First, the operating earnings per share of $1.08 were an all-time record, eclipsing the previous record of the second quarter 2008 when revenues were still about 4% lower than they are today, and we think that really reflects the improved cost structure and the stronger margins across the company, as well as a lot of the diversification work that we've been doing.

Also, record net income per share of $1.07. Sales for the third quarter were $4.123 billion. Sales up 15%, as I mentioned, from a year ago. End markets up about 11%. And now about 20% -- 27% of our revenues coming from emerging markets, and that's a year-to-year increase of about 20% in emerging markets.

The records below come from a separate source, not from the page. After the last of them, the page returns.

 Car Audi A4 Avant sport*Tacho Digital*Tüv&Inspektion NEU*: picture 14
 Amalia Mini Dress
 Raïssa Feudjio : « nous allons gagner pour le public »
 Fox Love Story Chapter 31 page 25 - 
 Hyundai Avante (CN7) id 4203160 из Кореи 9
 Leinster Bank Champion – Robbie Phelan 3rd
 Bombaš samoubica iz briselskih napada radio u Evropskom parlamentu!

Really pleased with the record segment margins of 14.6%. That eclipsed the previous record of 13.9% last quarter. It would have been 15.2% without the commodity hedge mark-to-market cost. We'll talk more about that. And we think very significantly on a year-to-year basis, that's a 35% incremental when you don't include the ForEx and acquisitions and the mark-to-market numbers. So very much of the top end of the range we have been targeting this year.

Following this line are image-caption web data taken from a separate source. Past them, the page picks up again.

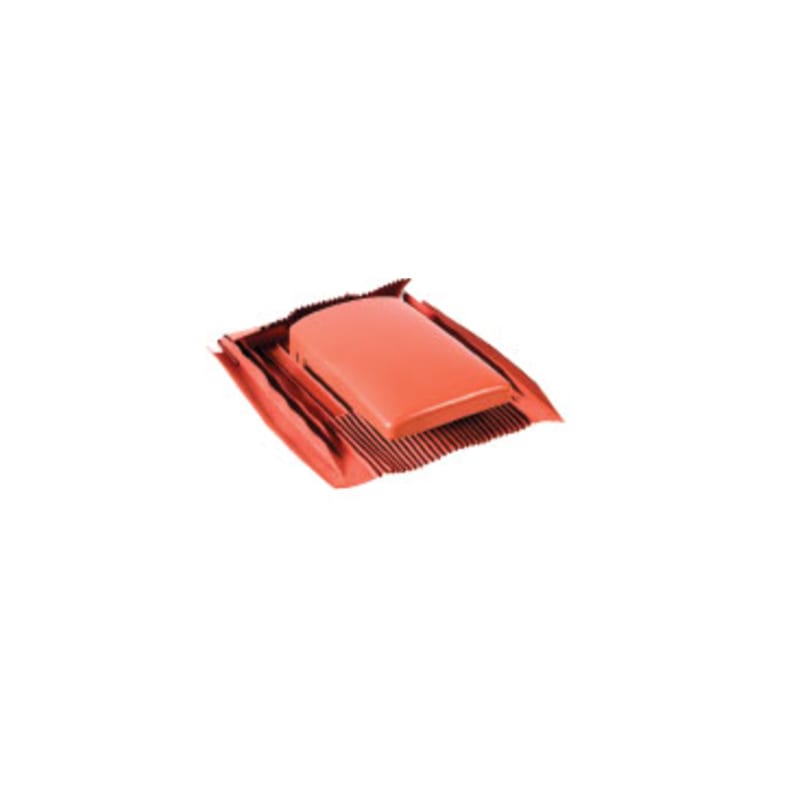 Roof ventilation elements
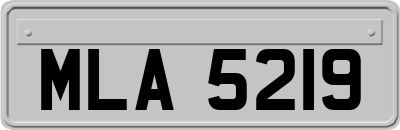 MLA5219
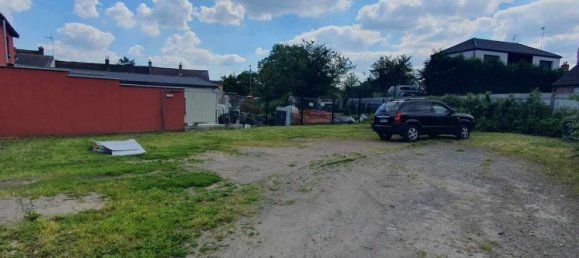 1 Schlafzimmer Gebäude in Trith-Saint-Leger, France, Nr. 154311 6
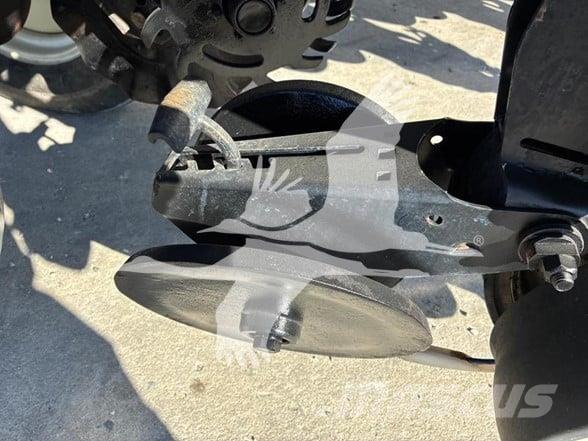 Kinze 3000 Pflanzmaschinen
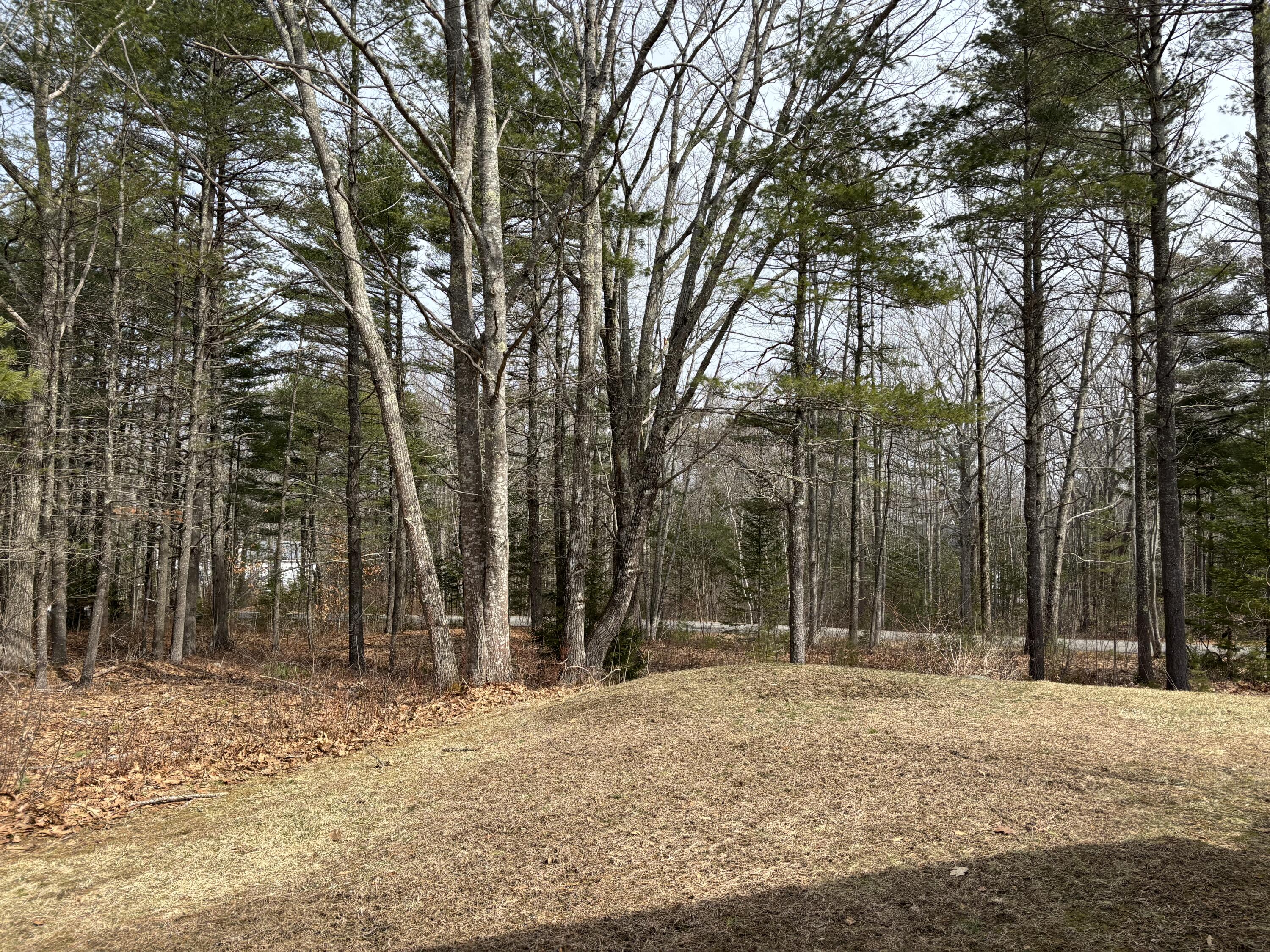 26 Old Nutt Farm Road Rockport ME 04856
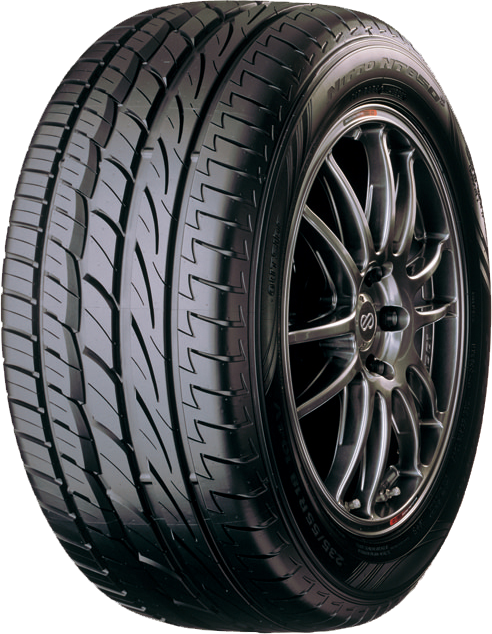 автомобильные шины Nitto NT850 Premium CUV 205/50 R17 93V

Quarterly operating cash flow of $642 million, just missing the all-time record of $644 million in the fourth quarter 2008. And what's particularly significant about that, as we'll all recall, in 2008 we were running off working capital as volumes were declining. We're now in a period of time when volumes are still increasing.

And then finally, we repurchased 2% of the outstanding shares in the third quarter. That's about $275 million we spent doing that, about 7 million shares that we bought back at a price of just over $39 per share.

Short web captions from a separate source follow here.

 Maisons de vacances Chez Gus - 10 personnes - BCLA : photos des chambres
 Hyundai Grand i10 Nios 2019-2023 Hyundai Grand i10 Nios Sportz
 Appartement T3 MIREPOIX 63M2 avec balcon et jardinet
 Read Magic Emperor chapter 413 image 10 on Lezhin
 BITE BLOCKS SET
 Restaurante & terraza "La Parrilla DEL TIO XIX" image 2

If we turn to Page 4, talk a little bit about the third quarter guidance that we had provided as well as in our actual results. You recall that we've increased guidance 3 times this year. The most recent was the $0.10 increase for the second half of 2011, which we outlined in our July earnings conference call. So against that increased guidance, we hit the midpoint of our guidance. We mentioned that having bought back shares, there was a slight benefit of that, about $0.01. Our overall cost controls contributed about $0.01. We had a lower tax rate. We'll talk a little bit more about that later, about just over 15% versus the 18% that we had guided to for the quarter. Then the commodity hedge losses of the mark-to-market, about a $0.06 negative, about $23 million in total, and that leads to the $1.08.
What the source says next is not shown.